I respect order and systems like that. Real military-like. I've worked in a lot of good, high-end old-school classical French-system kitchens. I've been to culinary school (for a minute). I own Gastronomique and more textbooks than a culinary school dropout oughta. That said,  I work in a vegan/vegetarian/somethinglikethat restaurant. I describe it as "2 Legs or Less". We cater to any diet or eating quirk you could dream up; desserts AND entrees. Raw vegan? Grain free? Regular vegan? Obligatory Simpsons level five vegan quote vegan? Gluten free? Nut free? Oil free AND vegan?

How did I end up here, given my background? Wouldn't I be happier with my eyes rolling back at the thought of bacon or stinky veiny cheese, or putting a hard sear on a ton of shortribs, mounting my celeriac purees with whole local butter and frozen foie gras shavings? It's kind of a calling. I've always liked vegan stuff. It's a challenge. All the tasty, fatty, creamy, meaty crutches are removed. Coming up with stuff to satisfy random requirements in, first and foremost, a tasty manner,  is pretty much how I get my jollies. It sounds really New Age-y, and it is. It gets interesting when you try to approach it from a more classically (French-ly) trained and non-vegan background like mine is. Often, elbow deep in bizarre vegan cake recipes that are technically muffin recipes, or sauce recipes that are really recipes for Asian style cornstarch gravy sauces, or fruit-sweetened tofu that I'm passing off as vegan creme fraiche, I start getting frustrated. I've been cooking a long time, and I've eaten a lot of food, and if something 'tastes vegan', I get upset. I start wishing vegan and alt-diet 'technology' and method were as explored and legit as the buttery meaty Escoffier/Careme school is. I start wishing the vegan and alt-diet cookbooks were as enlightening and no-nonsense as Gastronomique, or even Mastering the Art of French Cooking. I start wishing I could trust the blogs and recipes that come up when I google for something as simple as "vegan snickerdoodle cookie". Vegans do not deserve chalky brownies. Vegans do not deserve rope-y barbecue sauce. Nobody deserves doughy slimy agave-sweetened cakes.

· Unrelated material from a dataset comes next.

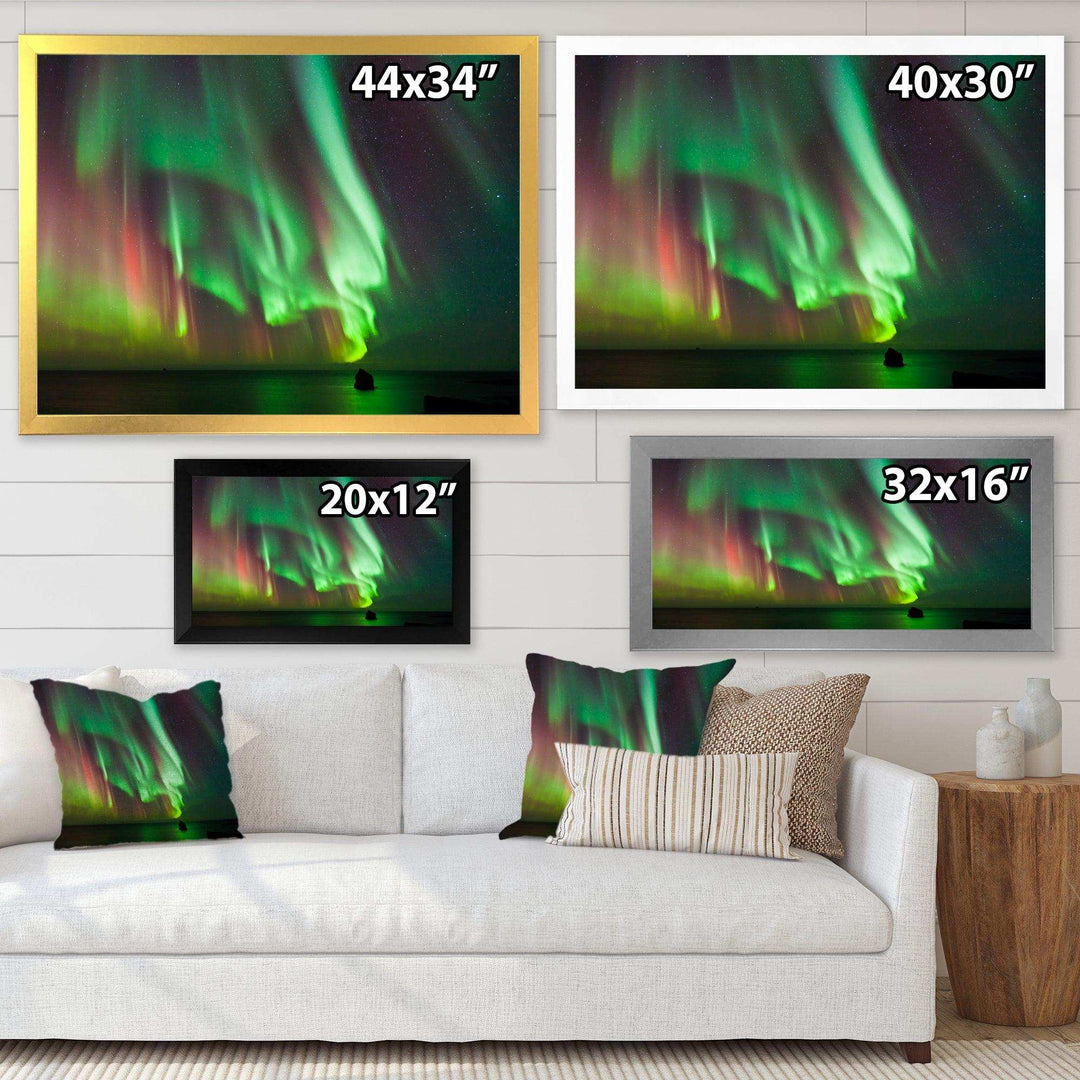 Green Northern Lights Aurora - Modern Wall Art Prints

"We bumble along reading cookbooks that often aren't even tested, written by enthusiastic foodies rather than trained experienced cooks, and we throw together what they tell us. When the result emerges from the oven edible we deem it an instagram-able succuss!, a perfect, delicious facsimile of whatever non-vegan dish the recipe is imitating. We have nothing to compare it to, and no standard by which to measure it."

And then I start wondering why I don't just stop daydreaming and do something about it maybe?

So, this blog.

This blog and its recipes are written by a trained cook. In its entries you will find:

-Solely my own recipes... unless they're somebody else's. Then I'll give them credit.
-Instructional, step by step photographs (if any), as opposed to glossy, awkwardly large, artful, borderline pornographic finished-product photographs.
-Legitimate, professional cooking terms. No "mix til goopy". No "half a palmful".
-Amounts by weight as opposed to 'cups', 'heaping tablespoons', etc.
-Actual methods, actual recipes. I will not give you a recipe for 'vegan BLT' that calls for "vegan bread, vegan bacon, veganaise, tomato, lettuce'.
-Whole food ingredients whenever optimal. No 'vegan cheese', and often even eschewing soy milk or tofu (!).

You will NOT find the following:
-'HEALTHY' recipes for the sake of being healthy. Man, I don't know what healthy is for you. I drink so much iced tea every day it should probably be a jailable offense. If eating eggs or dairy causes you to die outright, then these are way healthier recipes for you. One of the biggest setbacks plaguing vegan food is the nasty preconception that it's crunchy granola 'health food'. Sprouts. Brown rice. Kombucha. Whole spelt bread. Applesauce as a substitute, you know, to cut your cholesterol intake. Most of these recipes are desserts and comfort food, no anti-obesity agenda. If you want a salad, eat a salad. If you want pecan pie, make my pecan pie.

So, thanks for bearing with me, in advance, and enjoy some tasty treats.